A simple solution is proposed: add a statement for expressing delays in physical time. While there are similar statements or library calls in many programming languages, the novelty of our proposal is that the delay statements are later replaced with standard Esterel statements when platform details become available. Delays are thus expressed directly in terms of physical time, but later implemented as a discrete controller using existing techniques. This approach is familiar in control system design where analytical models are constructed in continuous time and then later discretized to produce implementations.

We present some ideas for performing the translation and outline some of the remaining challenges and uncertainties.

Relations between models are important for effective automatic validation, for comparing implementations with specifications, and for increased understanding of embedded systems designs. Timed automata may be used to model a system at multiple levels of abstraction, and timed trace inclusion is one way to relate the models.

It is known that a deterministic and tau-free timed automaton can be transformed such that reachability analysis can decide timed trace inclusion with another timed automaton. Performing the transformation manually is tedious and error-prone. We have developed a tool that does it automatically for a large subset of Uppaal models.

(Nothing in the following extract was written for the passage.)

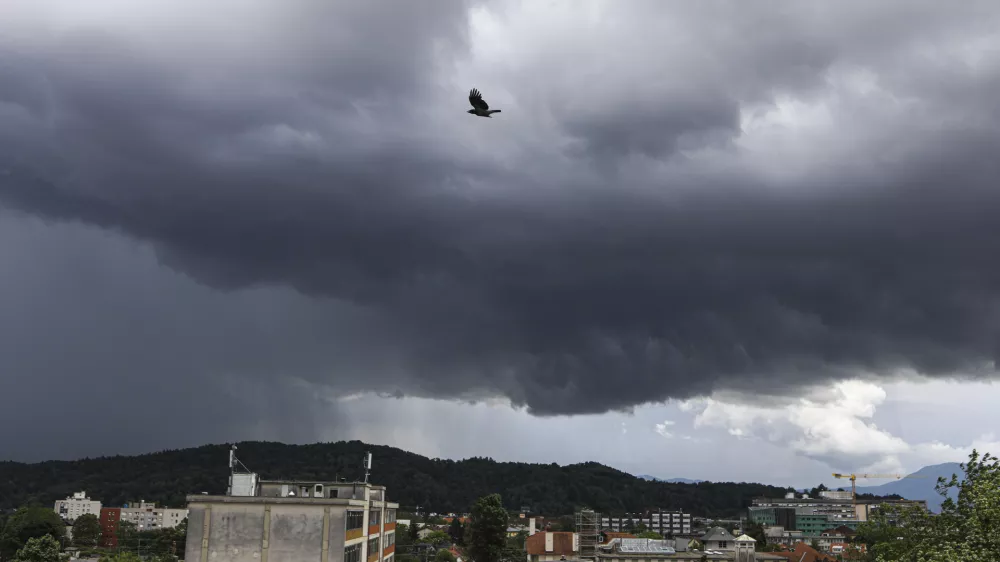 - 08.06.2023 - nevihtni oblaki nad Ljubljano, nevihta, dež, oranžni alarm. močnej&scaron;i naliv, neurje //FOTO: Luka Cjuha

Certain features of the Uppaal modeling language, namely selection bindings and channel arrays, complicate the transformation. We formalize these features and extend the validation technique to incorporate them. We find it impracticable to manipulate some forms of channel array subscripts, and some combinations of selection bindings and universal quantifiers; doing so either requires premature parameter instantiation or produces models that Uppaal rejects.

Current operating systems lack well-defined protocols for interaction with device drivers. We argue that this hinders the development of reliable drivers and thereby undermines overall system stability. We present an approach to specify driver protocols using a formalism based on state machines. We show that it can simplify device programming, facilitate static analysis of drivers against protocol specifications, and enable detection of incorrect behaviours at runtime.

We describe a simple scheme for mapping synchronous language models, in the form of Boolean Mealy Machines, into timed automata. The mapping captures certain idealised implementation details that are ignored, or assumed away, by the synchronous paradigm. In this regard, the scheme may be compared with other approaches such as the AASAP semantics. However, our model addresses input latching and reaction triggering differently. Additionally, the focus is not on model-checking but rather on creating a semantic model for simulating synchronous controllers within Simulink.

The model considers both sample-driven and event-driven execution paradigms, and clarifies their similarities and differences. It provides a means of analysing the timing behaviour of small-scale embedded controllers. The integration of the timed automata models into Simulink is described and related work is discussed.

Simulink is widely used within industry for simulation and model-driven development, and reactive behaviours are often modelled using an add-on called Stateflow. Argos is one of the synchronous languages that have been proposed for the specification, validation and implementation of reactive systems. It is a rigorously defined graphical notation which, although not as powerful as Stateflow, is much less complicated. This paper describes the implementation of an Argos block for Simulink.